How doctors detect heart abnormalities through sound


    When the doctor places that cold stethoscope on your chest, she’s listening for two distinct sounds – lub-DUB.

    “You can almost set your clock to what you are hearing,” said internist Mary Ann Kuzma. “They are clear. They are crisp, and they are regular.”

    Kuzma teaches the science of hearing heart sounds at Drexel University College of Medicine. That skill is called auscultation.

    “It’s just using the stethoscope to hear something,” Kuzma said. “You can auscultate the heart, you can auscultate the lungs, you can auscultate the abdomen.”

    When medical students are first learning to conduct a physical exam, Kuzma says perceiving abnormal heart sounds is something they often struggle to do right.

    “They feel that they can’t hear it themselves,” she said.

    It’s all about pattern recognition and proper stethoscope placement, she said.

    Drexel has studied what it takes for students to master the skill and discovered that it takes up to 500 repetitions before students can consistently identify the whooshes and murmurs that can suggest a health problem.

    Identifying heart abnormalities 

    At Drexel, medical students get trained in different ways to better perceive the changes that are often a clue to heart trouble.

    Third-year medical student Angelica Johnson learned her technique by listening to heart sounds and doing training exercises on her commute from West Philly.

    To practice, Johnson also paints pictures of the sounds in her mind. One murmur called an aortic stenosis slowly gets louder, comes to a peak, then slowly gets softer.

    “It’s like a diamond-shaped murmur,” she said.

    The skill serves her well now that she’s finally getting a chance to see patients regularly during her rotation in the hospital.

    “You always do a cardiac exam, no matter what,” Johnson said. “You can tell me your toe hurts, I’m still going to listen to your heart.”

    Matthew Diamond, another 3rd-year-student, says for him it helps to tap heart rhythms with his fingers as he listens to the simulated heartbeats. It’s trickier to notice those sounds in a breathing, squirming person, but dedication pays off. A patient once came in for regular check-up, Diamond heard a strange muffle—consulted with his attending physician, and they sent the patient for an ultrasound of the heart.

    “Turns out the patient had massive PEs,” Diamond said. “Pulmonary embolisms, so like blood clots in the heart, blockages in the blood vessels that supply your lungs. It’s just a dangerous situation.”
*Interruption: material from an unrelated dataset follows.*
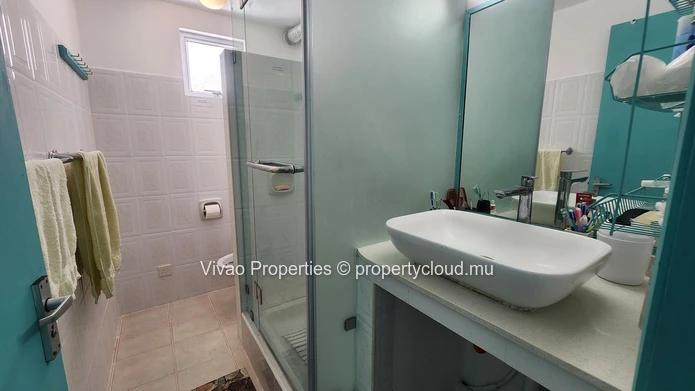 Duplex pieds dans l'eau à louer entièrement meublé à Belle Mare – 3 chambres avec piscine commune
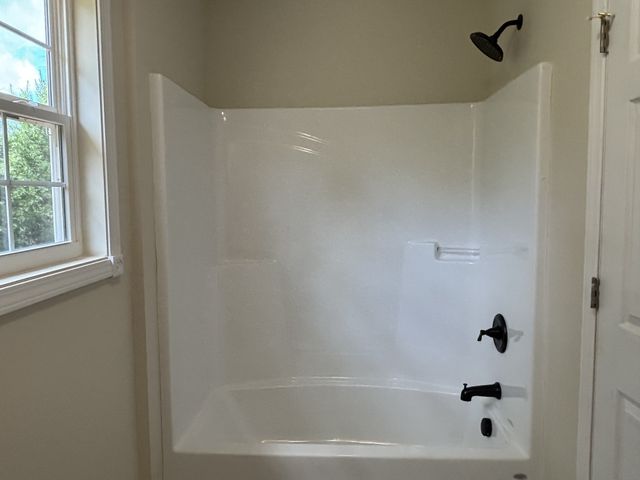 6620 High Meadow Ct, Nunnelly, TN 37137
    One abnormal beat that students listen for is called, S4, or the fourth heart sound.

    “The only person in which this sound might be normal is a trained athlete, a professional, a marathon runner something like that,” Kuzma said. “We tend to hear it in patients who have hypertensive heart disease, coronary heart disease or other things that are affecting the walls of their heart.”

    Kuzma said it kind of sounds like a stone skipping. Instead of the healthy lub-DUB cadence, there is a lub-lub-DUB rhythm.

    “We often say that’s similar to the word Tennessee,” Kuzma said. She tells students, “As you are listening to the sound, think of the word Tennessee.”

    Practicing through simulation 

    Students also practice their auscultation skills at Drexel’s Simulation Center, where technician Diana Alberti operates the high-tech dummy called SimMan.

    She can program him to complain, dilate his pupils and produce a string of abnormal heart sounds.

    Newbies like medical student Maziar Shakeri can poke and prod without worrying about hurting a real person.

    During his first visit to the SimLab, Shakeri quickly perceives something not normal in SimMan’s heartbeat. “Instead of hearing that strong dub, you kind of hear a whoosh sound,” Shakeri said.

    He guesses maybe it’s a mitral regurgitation – a condition where a heart valve allows blood to backflow into the heart.

    Actually technician Diana Alberti had programmed a heartbeat called mitral stenosis, a narrowing of the heart valve.

    She says for a first-timer, Shakeri’s guess was pretty good. He perceived a problem at the right spot, but not the right kind of abnormality.

    “I would consider it a success for you,” she said.

    She also shared a training tip from simulation center director Kathleen Ryan:

    “Dr. Ryan has said before that when you are trying to build your skills in being able to hear and identify different heart sounds, it helps when you are listening to music to try to pick out different instruments–and specifically the bass,” Alberti said.

    “It’s that background noise that often gets tucked behind the drums or the guitar, and when you can pick that out easily, it correlates to your ability to pick out that faint sound against all the other noises in a room—and inside the body when you are listening to the heart.”